In Gesellschaft eines Roboters kann Schokolade besser schmecken.

(Bild: University of Tokyo)

Lesezeit: 6 Min.
Von
  • Hans-Arthur Marsiske
Inhaltsverzeichnis

Der Supermarkt Edeka Sander in Ilmenau wirbt mit geräuscharmen Einkaufswagen, kostenlosem WLAN und "modernster Supermarkttechnik". Dennoch dürften einige Kunden überrascht gewesen sein, als sie dort beim Einkaufen einem Roboter begegneten.

Die 1,50 Meter große und 80 Kilogramm schwere Maschine patrouillierte dort im Rahmen des vom Bundesforschungsministeriums geförderten Rotator-Projekts durch die Gänge, um zu prüfen, welche Regalplätze aufgefüllt werden mussten. Für einen großen Supermarkt könnten sich die durch verzögerte Füllung der Regale verursachten Umsatzeinbußen auf bis zu 100.000 Euro pro Jahr summieren, heißt es in der Beschreibung des Drei-Jahres-Projekts. Über drei Tage testeten daher Forscher der TU Ilmenau und der beteiligten Firmen, inwieweit sich dieser Betrag mit Roboterhilfe reduzieren lässt.
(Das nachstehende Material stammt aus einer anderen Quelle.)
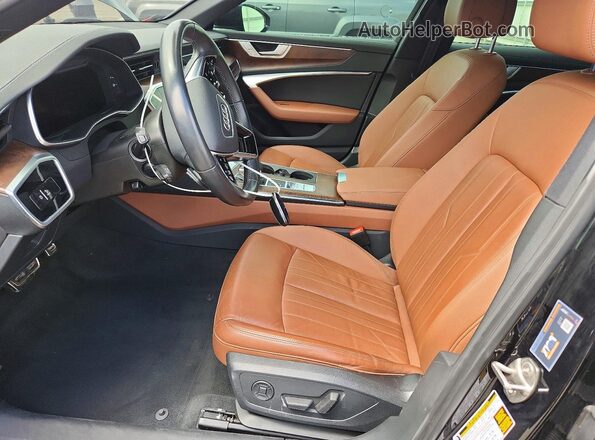 WAUK2AF29MN057434 2021 AUDI A6 Черный Вид салона спереди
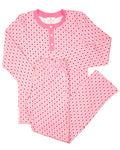 Valentine Hearts Knit Ladies Pajama Set- FINAL SALE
Im Mittelpunkt der Studie, die jetzt bei der Konferenz Robot and Human Interactive Communication (RO-MAN) von Benjamin Lewandowski (TU Ilmenau) vorgestellt wurde, stand allerdings weniger das Prüfen der Regale zu Inventurzwecken, sondern das Verhalten gegenüber den Kunden. Denn natürlich soll der Roboter den Alltagsbetrieb nicht stören und dadurch womöglich noch größere Umsatzeinbußen verursachen. Deswegen ist er so programmiert, dass er erkennt, wenn der schmale Gang zwischen zwei Regalen durch Kunden oder andere Hindernisse blockiert ist, und höflich wartet oder zunächst einen anderen Gang aufsucht. Zudem kann er auf verschiedene Weisen mit Menschen kommunizieren: Neben einer Stimme verfügt er über Lichter, die mit den Farben Grün, Gelb und Rot signalisieren, ob sich ein Mensch in kritischer Distanz zu ihm aufhält. Außerdem kann er mit einem Beamer Zeichen auf den Boden projizieren und damit seine eigene Bewegungsrichtung anzeigen wie auch zu erkennen geben, dass er einen Menschen und dessen Körperausrichtung erkannt hat.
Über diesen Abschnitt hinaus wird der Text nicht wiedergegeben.